If there was a problem (at one point there was a vertical joint between two blocks that was over another vertical joint), the blocks could be removed, the old mortar scraped off (and by "old", I mean 5 minutes or so), put back in the wheelbarrow with the other mortar, mixed a little, and then more mortar was applied and the stones re-laid, in a different order to shift the vertical joint.
They kept at this, stone block after stone block, wheelbarrow after wheelbarrow of mortar, until all the stones were set in place. Then, effectively for cosmetic reasons, on the outside of the wall, they went back and put mortar in the vertical joints, and filled out the horizontal ones to match the front of the blocks. After this "icing" was applied in all the joints, they used a wooden-handled wire brush to smooth the mortar off and clean up the joints. Using the wooden handle to sort of shape and smooth things, and the the wire brush to clean off any extra.

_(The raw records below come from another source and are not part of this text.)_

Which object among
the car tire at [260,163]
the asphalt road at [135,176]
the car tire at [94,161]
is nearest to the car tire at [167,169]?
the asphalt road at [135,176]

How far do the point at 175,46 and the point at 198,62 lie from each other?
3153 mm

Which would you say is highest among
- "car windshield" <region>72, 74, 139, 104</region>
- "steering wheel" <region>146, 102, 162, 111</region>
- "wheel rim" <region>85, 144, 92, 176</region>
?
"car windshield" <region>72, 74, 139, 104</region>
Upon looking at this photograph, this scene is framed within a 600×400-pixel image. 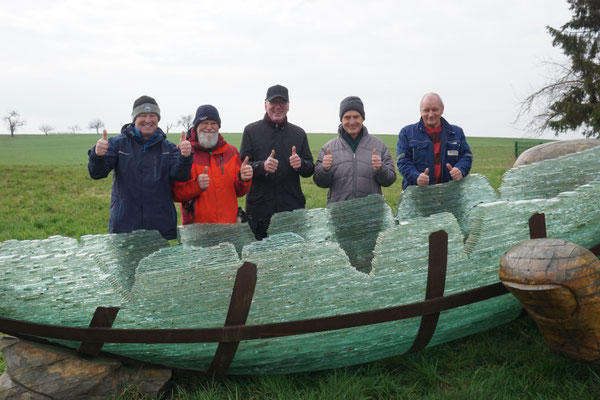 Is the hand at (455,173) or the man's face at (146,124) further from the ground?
the man's face at (146,124)

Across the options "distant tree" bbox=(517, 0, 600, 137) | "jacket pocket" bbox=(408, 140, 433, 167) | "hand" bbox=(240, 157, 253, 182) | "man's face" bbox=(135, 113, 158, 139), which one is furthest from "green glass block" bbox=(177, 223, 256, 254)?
"distant tree" bbox=(517, 0, 600, 137)

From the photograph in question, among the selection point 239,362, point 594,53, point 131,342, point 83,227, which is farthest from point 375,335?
point 594,53

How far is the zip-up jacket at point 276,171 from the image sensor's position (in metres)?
4.19

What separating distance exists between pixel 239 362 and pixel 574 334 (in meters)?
1.94

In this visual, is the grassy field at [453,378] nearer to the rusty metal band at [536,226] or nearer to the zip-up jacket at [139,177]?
the rusty metal band at [536,226]

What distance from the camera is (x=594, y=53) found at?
1942 centimetres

They didn't bother with the inside of the wall, since it was going to be filled and covered with dirt -- no one will see it. Other than the top course of stone; they did do the top course on both sides.
That was it. They got there around 7:00 AM, and were done by 2:00 PM.
I checked on Sunday, and the mortar seems very hard. On Monday, I will start to move dirt from the mound that I have from the trench back to fill up the retaining wall.
Saturday, September 28, 2019
The garage walls are finished, but over time they have certainly shown their wear. But this is certainly not a high priority item.
In Sept 2019, we decided to re-paint the East exterior wall, or at least half of it -- up to the window. We took everything off of the wall, and used masking tape all around the edge. We patched the sheetrock where the paint or texture had problems.
We painted by hand the patches and all the edges.
Then we used a roller to paint the wall itself. Remove the masking tape. Put the outlet cover back on. Done with this side for the moment.
Thursday, September 19, 2019
This extends up along the sidewalk until it disappears into the ground. All the while it is flat and level, while the ground raises up to the street.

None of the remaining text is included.